I have always kind of been a sucker for villain-redemption stories in general, though. Done well, they can provide an entirely new life for a character; in this case, a redeemed (or at least kind-of-redeemed) Master would be an intriguing character to have around. In the X-Men comics I read growing up, Magneto became (to me) much more interesting once he moved from being a villain to (sometimes reluctant) ally. Walter Skinner was a much better character once he was, somewhat exasperatedly, on Mulder and Scully’s side than when he was trying to shut them down. Missy (or some version of the Master, as this is apparently Michelle Gomez’ last season in the role) as a similar figure for the Doctor would be interesting territory for writers to explore, I think.
Done well, the story of a villain’s redemption is immensely satisfying. To cherry-pick a really easy example, the eventual redemption of Anakin Skywalker at the conclusion of Return of the Jedi is a wonderful ending to the original Star Wars trilogy. Even the film’s most iconic villain can be brought back to the good side in the end. I think, personally, this is part of why I like villain-redemption stories; I think I probably would like to believe that even the very worst people can eventually be persuaded that they’ve been wrong and convinced to change their ways. I don’t think I’m alone in this; one of the most beloved Christmas stories is basically this happening to Ebenezer Scrooge.
However, there are problems. On Doctor Who, we know, if we know anything, that an appearance by the Master (Missy incarnation or not) isn’t an appearance by the Master until it ends with them cackling like a maniac and revealing their diabolical plot. This is, along with some kind of disguise, one of the essential elements of a Master story, and we’ve already had the disguise.
This is part of the wider problem with redeeming villains in general. For a writer, if you turn your villain away from being a baddie, you get one compelling story out of it, but if you’re continuing to write in that world, you’ve now deprived yourself of an engaging villain, and you’ve already got a hero. Missy the antagonist, the weaver of plots and architect of horrible schemes, is far more useful to the writer than a reformed ally is ever likely to be. This, I think, is why a lot of redemption stories in comics and ongoing series tend to be temporary: however good the reformation story was, in the end the character works better as a villain, and so back they go to the other side of the chess board.

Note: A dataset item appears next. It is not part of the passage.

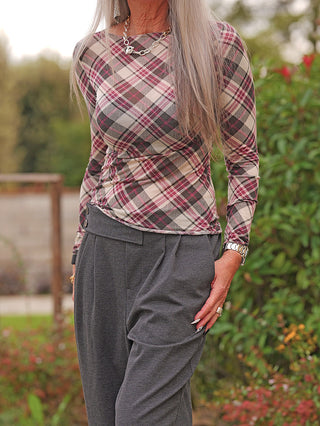 OFF#DLY LS light m. Cashmere Karo bordeaux: Figurbetontes, langärmeliges Karo-Oberteil in Burgunder-, Grau- und Cremetönen, kombiniert mit Accessoires wie einer silbernen Halskette und Ringen.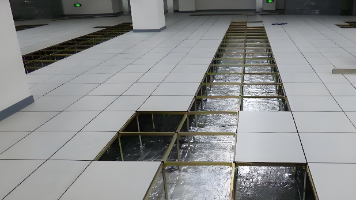 静电放电危害有多大？一张图看懂机房防静电地板防护全流程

I am reminded, as well, of one of the more ‘meta’ parts of Neil Gaiman’s 1602 comic, where an alternate-universe version of Reed Richards is musing on whether Ben Grimm can ever be cured of being the Thing. Reed concludes that they live in a universe of stories (very Gaiman there) and that this unfortunately means that any cure could only be temporary, because Ben is a much better story as the Thing. Likewise, Missy is probably a better story, or makes for better stories, as a villain, and so I’m fairly confident that she’ll end up there sooner rather than later.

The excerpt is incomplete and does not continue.